RED VELVET BROWNIES WITH MARSHMALLOW CREAM CHEESE FROSTING



INGREDIENTS
BROWNIES
  • 2 cups all purpose flour
  • 2 cups granulated sugar
  • 1 tsp baking soda
  • 1/4 tsp salt
  • 1 cup unsalted butter (2 sticks)
  • 1 cup water
  • 1/3 cup unsweetened cocoa powder
  • 2 eggs
  • 1/2 cup buttermilk
  • 1 1/2 tsp vanilla extract
  • 2 Tbsp red food coloring (I used 2 - 0.5oz bottles)
FROSTING
  • 1/2 cup softened unsalted butter
  • 8 oz softened cream cheese
  • 1/2 tsp vanilla extract or vanilla bean paste
  • 13 oz jar of marshmallow creme sometimes called marshmallow fluff
  • 1 1/2 - 2 cups powdered sugar sifted
  • 1/4 tsp salt
  • assorted holiday sprinkles/decorations
INSTRUCTIONS
BROWNIES
  1. Preheat oven to 350 degrees and spray a 13x9" baking pan with non-stick baking spray.  In the bowl of a stand mixer, combine flour, sugar, baking soda and salt.  Whisk to combine.
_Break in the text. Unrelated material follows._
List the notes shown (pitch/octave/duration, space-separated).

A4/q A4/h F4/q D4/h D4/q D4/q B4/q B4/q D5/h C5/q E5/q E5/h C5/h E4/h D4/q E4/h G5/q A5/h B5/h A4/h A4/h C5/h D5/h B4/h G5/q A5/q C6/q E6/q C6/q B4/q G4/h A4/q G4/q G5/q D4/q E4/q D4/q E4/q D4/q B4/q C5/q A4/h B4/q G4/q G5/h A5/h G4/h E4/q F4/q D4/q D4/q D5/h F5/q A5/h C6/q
  2. To a medium sized saucepan, add butter and water.  Heat over MED heat until butter is melted into the water.  Add cocoa powder and whisk to combine.  Bring to a boil while stirring very often, then remove from heat and let cool slightly.
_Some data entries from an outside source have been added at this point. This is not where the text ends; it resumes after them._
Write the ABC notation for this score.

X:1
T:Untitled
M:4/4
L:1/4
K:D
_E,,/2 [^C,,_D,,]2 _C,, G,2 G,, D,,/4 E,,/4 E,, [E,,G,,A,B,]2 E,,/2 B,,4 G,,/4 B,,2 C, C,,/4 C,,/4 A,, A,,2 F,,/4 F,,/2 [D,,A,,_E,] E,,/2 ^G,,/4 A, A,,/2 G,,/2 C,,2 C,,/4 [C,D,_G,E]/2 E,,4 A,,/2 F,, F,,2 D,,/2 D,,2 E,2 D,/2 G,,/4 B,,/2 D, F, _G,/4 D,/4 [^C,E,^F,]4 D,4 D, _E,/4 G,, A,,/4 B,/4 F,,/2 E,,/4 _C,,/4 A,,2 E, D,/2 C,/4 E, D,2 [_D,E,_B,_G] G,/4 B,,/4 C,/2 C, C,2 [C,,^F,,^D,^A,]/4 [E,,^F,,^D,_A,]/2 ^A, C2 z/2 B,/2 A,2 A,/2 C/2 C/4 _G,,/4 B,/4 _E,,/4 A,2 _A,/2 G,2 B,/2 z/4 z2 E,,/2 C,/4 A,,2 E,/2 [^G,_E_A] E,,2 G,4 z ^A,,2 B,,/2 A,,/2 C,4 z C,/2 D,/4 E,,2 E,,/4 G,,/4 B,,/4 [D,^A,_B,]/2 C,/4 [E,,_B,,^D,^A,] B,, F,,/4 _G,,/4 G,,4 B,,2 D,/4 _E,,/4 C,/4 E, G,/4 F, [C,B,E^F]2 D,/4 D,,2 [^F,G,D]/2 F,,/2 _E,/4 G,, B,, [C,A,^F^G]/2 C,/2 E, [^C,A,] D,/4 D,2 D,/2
  3. Add melted cocoa mixture to the flour mixture and beat on MED speed until combined.
    Add eggs, buttermilk, vanilla and red food coloring and beat an additional minute or until just combined.
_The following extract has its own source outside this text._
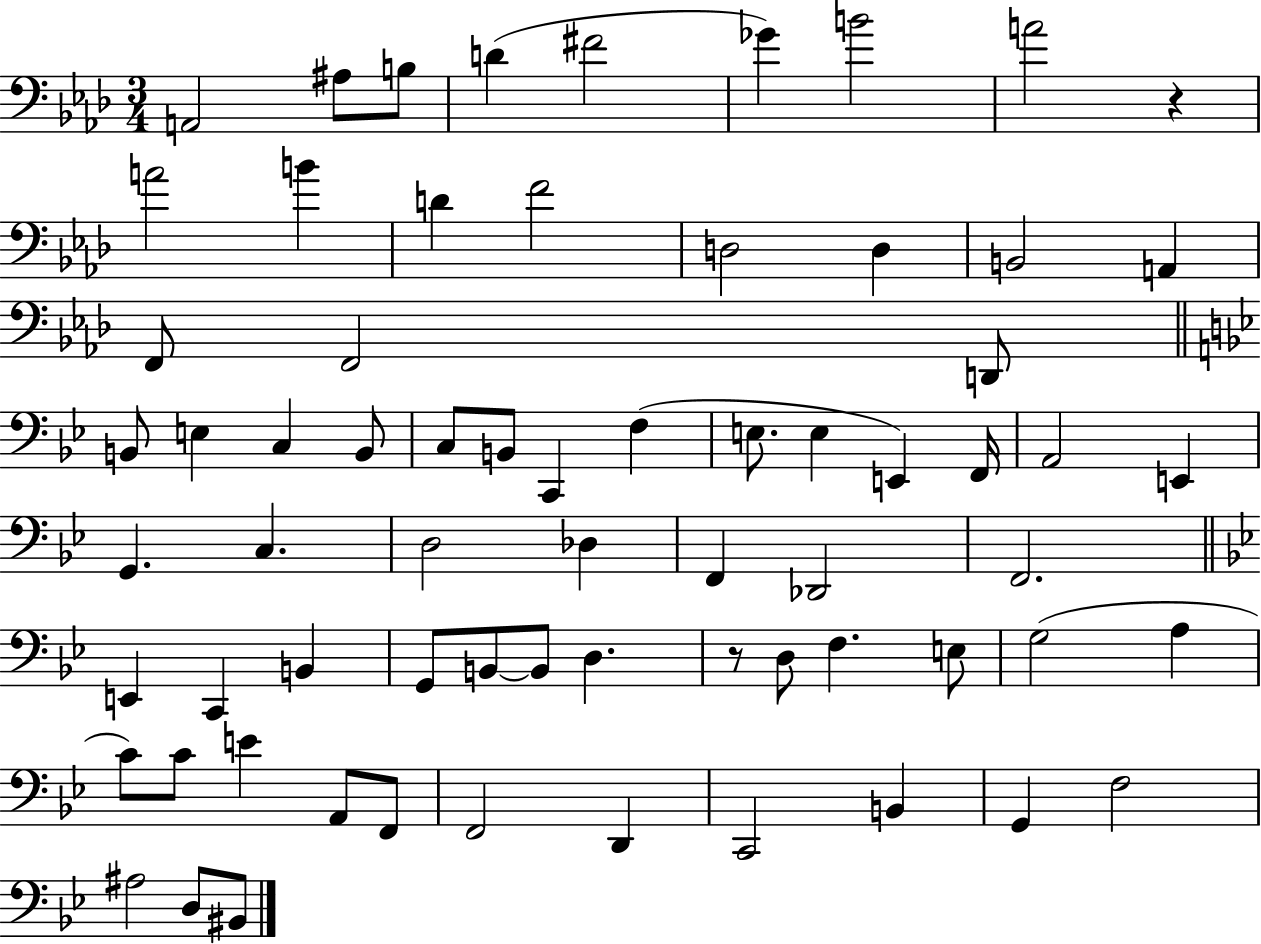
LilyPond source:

  4. At this point the batter will be thin.  Transfer batter to prepared baking pan.  Bake for 25-30 minutes, or until a toothpick inserted into the center comes out clean or with very few moist crumbs on it.
  5. Cool completely on a wire rack.  
FROSTING
  1. To the bowl of a stand mixer, add softened butter, salt, and cream cheese and beat until light and fluffy.  Add vanilla and beat 20 seconds.
  2. Add powdered sugar and beat until incorporated.  Slow beat in marshmallow creme.
  3. Spread frosting over cooled brownies in the pan, sprinkle with desired sprinkles/decorations and serve.
  4. Keep refrigerated for up to 3-4 days.